What you will do: Exactly the lines below, starting with the one containing "Baby rabbits" and going on through the one containing "Red Knot - ML462321781", must be reproduced, both ends included, and no pictures with them.

------------------------------

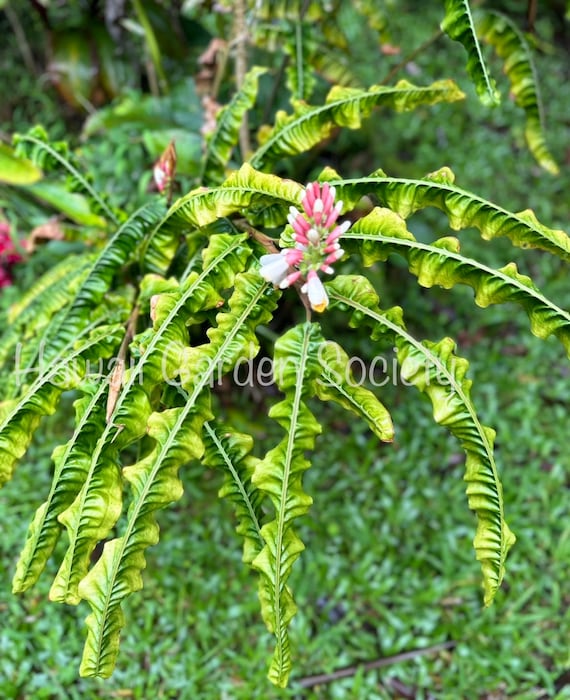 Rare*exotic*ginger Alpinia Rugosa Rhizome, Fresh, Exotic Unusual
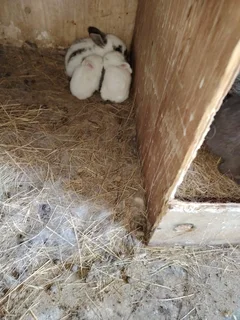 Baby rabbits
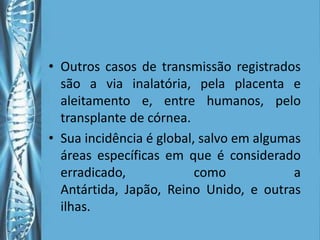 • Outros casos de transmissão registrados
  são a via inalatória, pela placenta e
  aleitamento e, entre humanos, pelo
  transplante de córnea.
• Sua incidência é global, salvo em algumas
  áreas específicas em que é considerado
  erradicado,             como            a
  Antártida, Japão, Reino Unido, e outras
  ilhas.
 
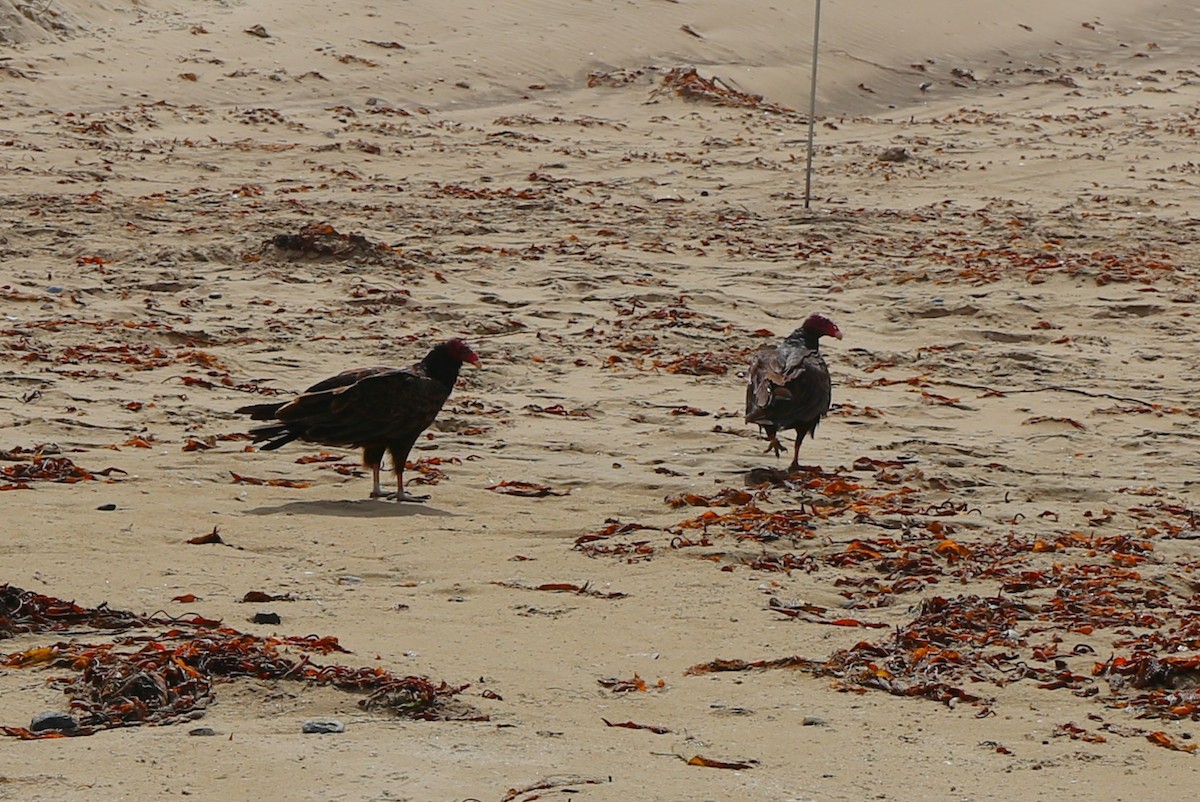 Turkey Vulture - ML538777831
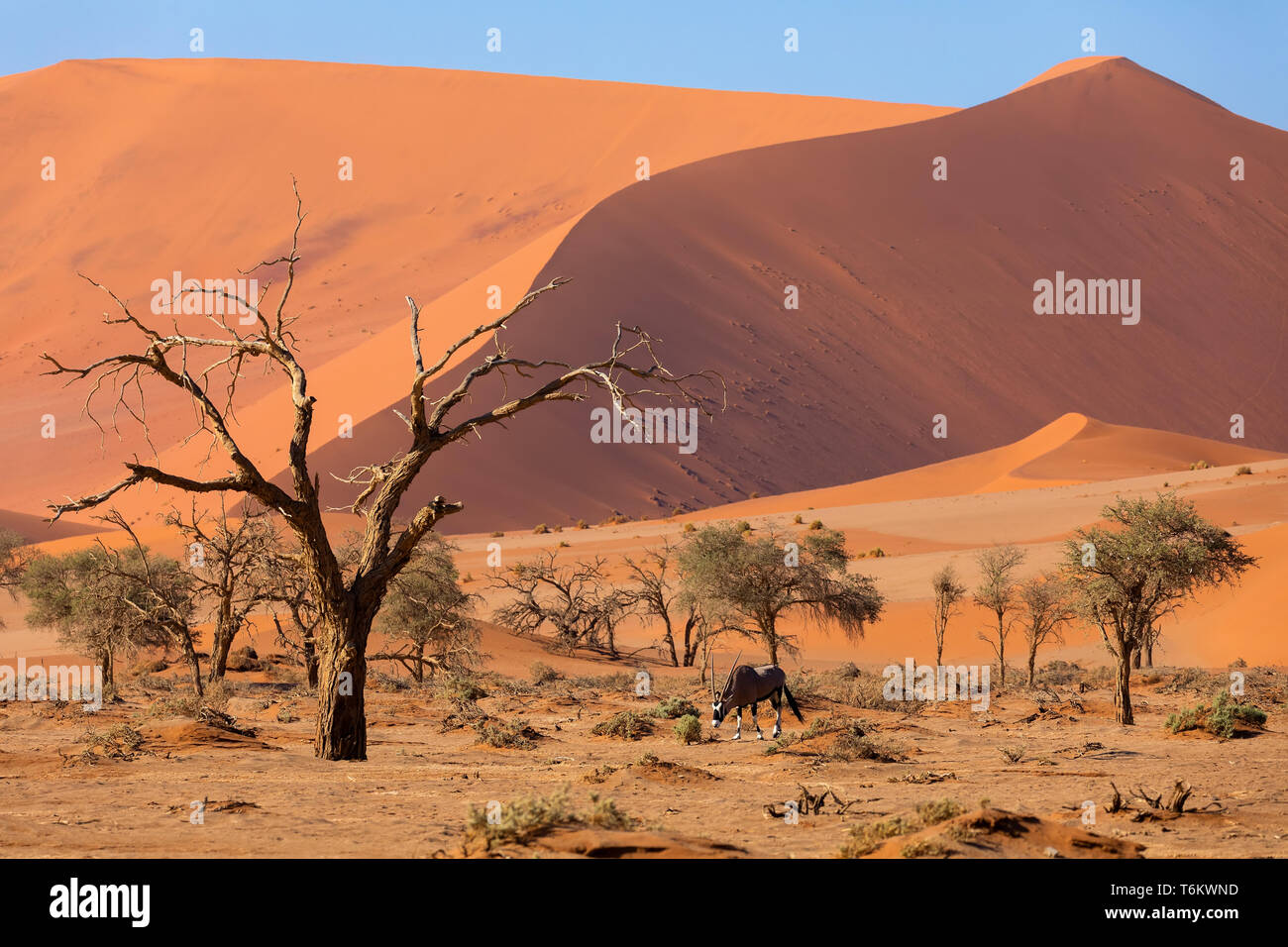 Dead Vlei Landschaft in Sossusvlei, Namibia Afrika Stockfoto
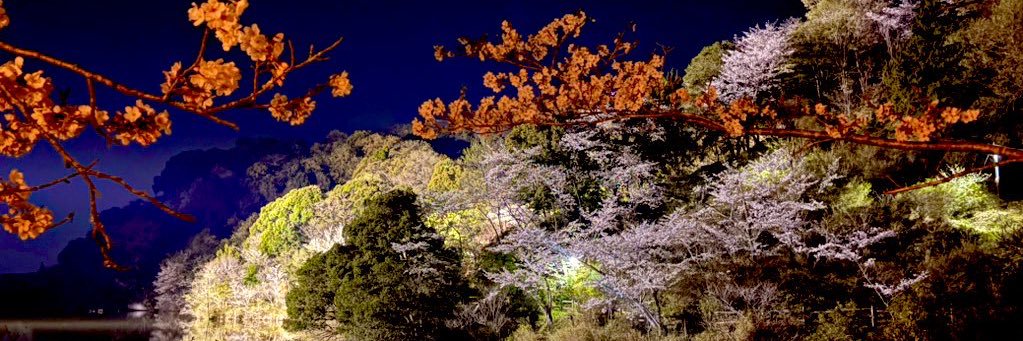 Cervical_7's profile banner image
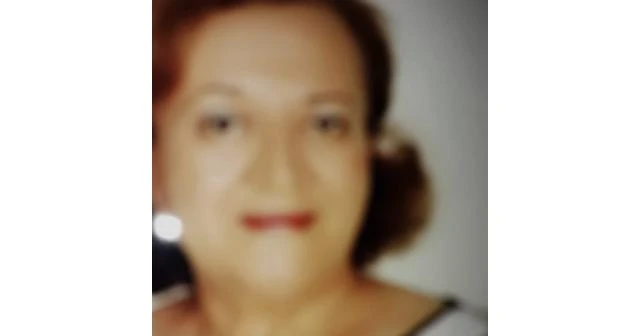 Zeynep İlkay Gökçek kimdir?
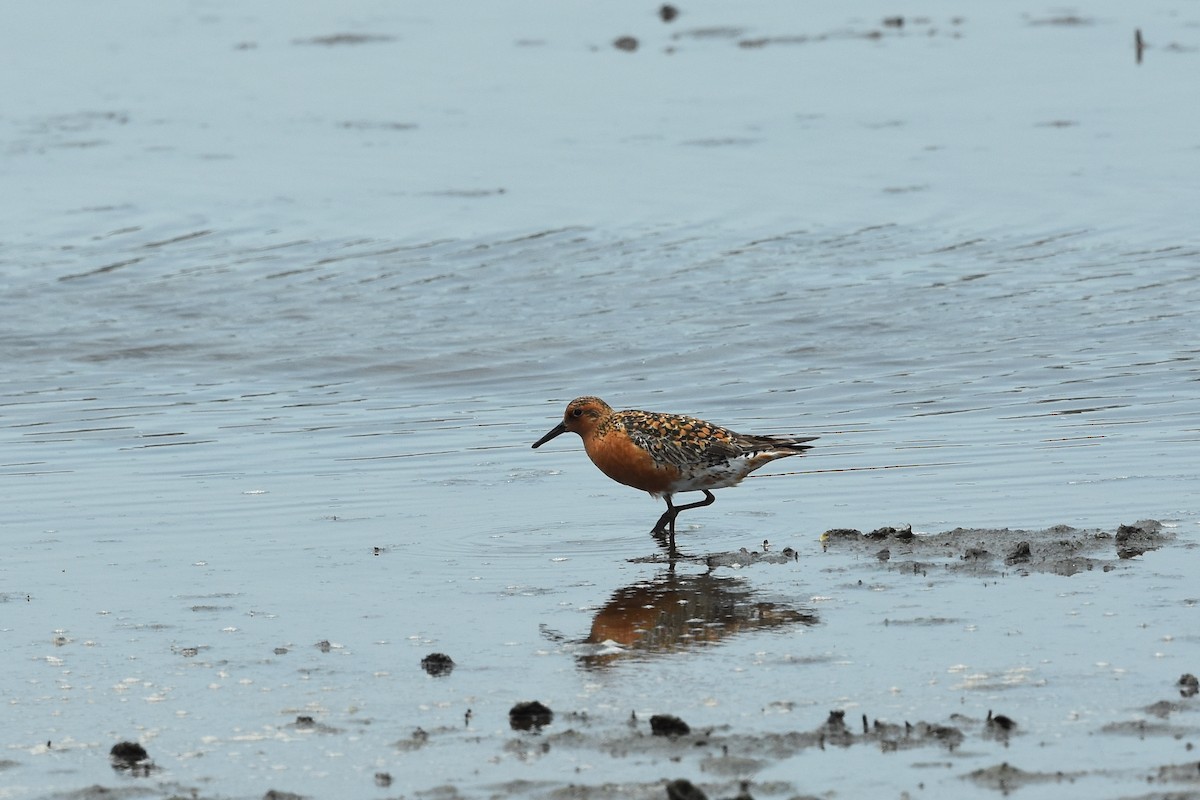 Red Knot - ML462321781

------------------------------

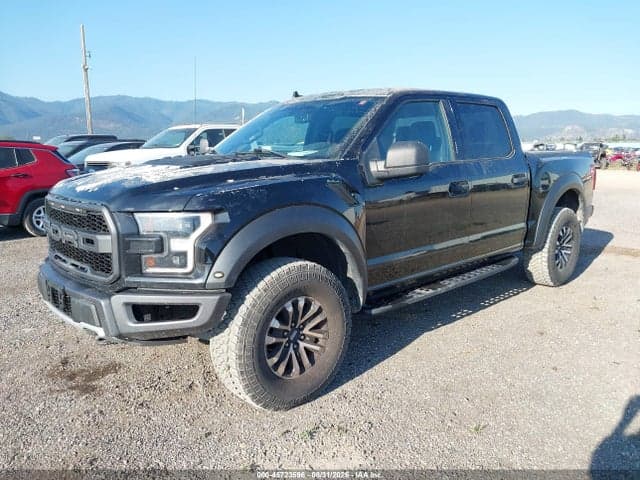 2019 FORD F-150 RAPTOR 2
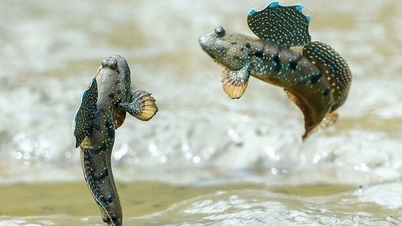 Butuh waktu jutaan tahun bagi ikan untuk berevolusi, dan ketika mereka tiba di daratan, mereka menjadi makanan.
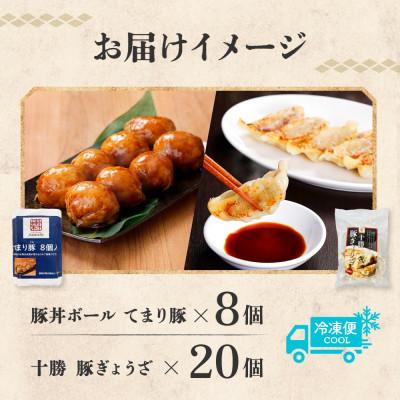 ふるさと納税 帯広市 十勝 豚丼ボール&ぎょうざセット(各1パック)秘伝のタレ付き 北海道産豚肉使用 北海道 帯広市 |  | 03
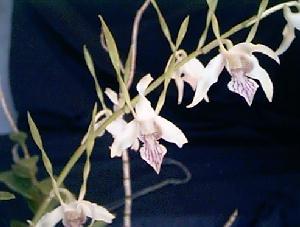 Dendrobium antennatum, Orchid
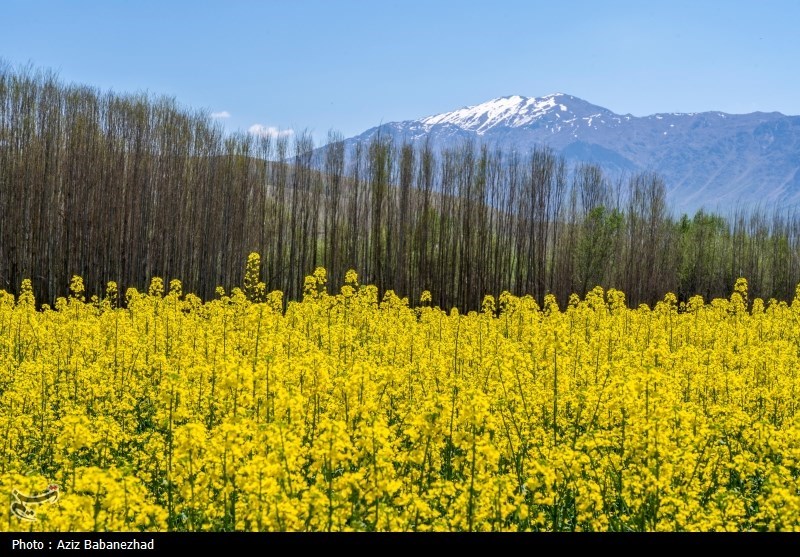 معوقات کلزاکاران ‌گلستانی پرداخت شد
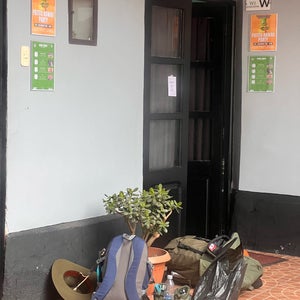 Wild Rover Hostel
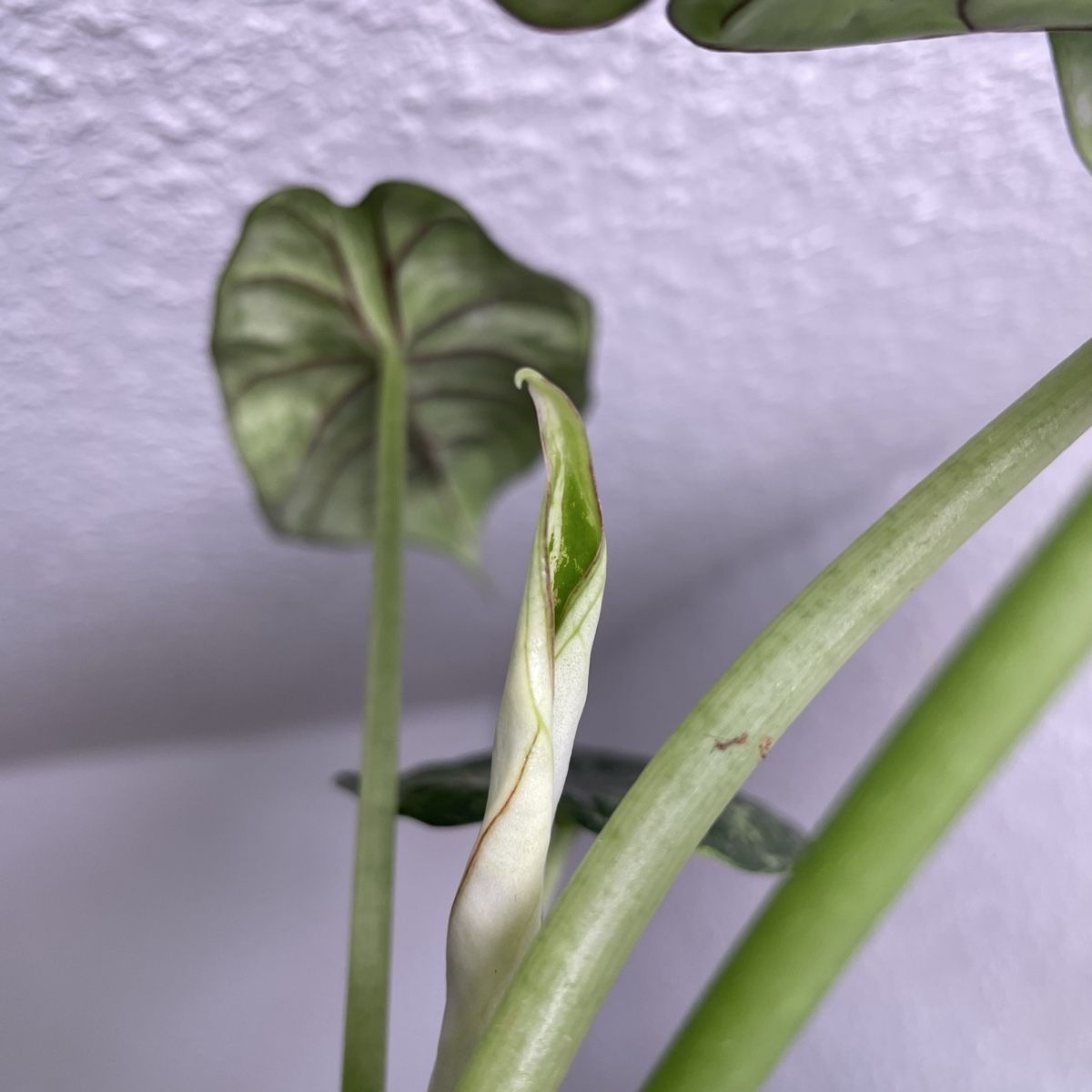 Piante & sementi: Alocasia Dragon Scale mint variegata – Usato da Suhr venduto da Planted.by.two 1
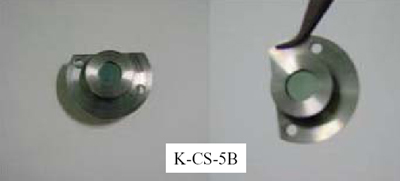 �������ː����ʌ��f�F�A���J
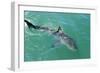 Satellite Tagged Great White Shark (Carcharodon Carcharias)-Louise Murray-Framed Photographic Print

------------------------------

Response to the exercise:
 Baby rabbits
 • Outros casos de transmissão registrados
  são a via inalatória, pela placenta e
  aleitamento e, entre humanos, pelo
  transplante de córnea.
• Sua incidência é global, salvo em algumas
  áreas específicas em que é considerado
  erradicado,             como            a
  Antártida, Japão, Reino Unido, e outras
  ilhas.
 
 Turkey Vulture - ML538777831
 Dead Vlei Landschaft in Sossusvlei, Namibia Afrika Stockfoto
 Cervical_7's profile banner image
 Zeynep İlkay Gökçek kimdir?
 Red Knot - ML462321781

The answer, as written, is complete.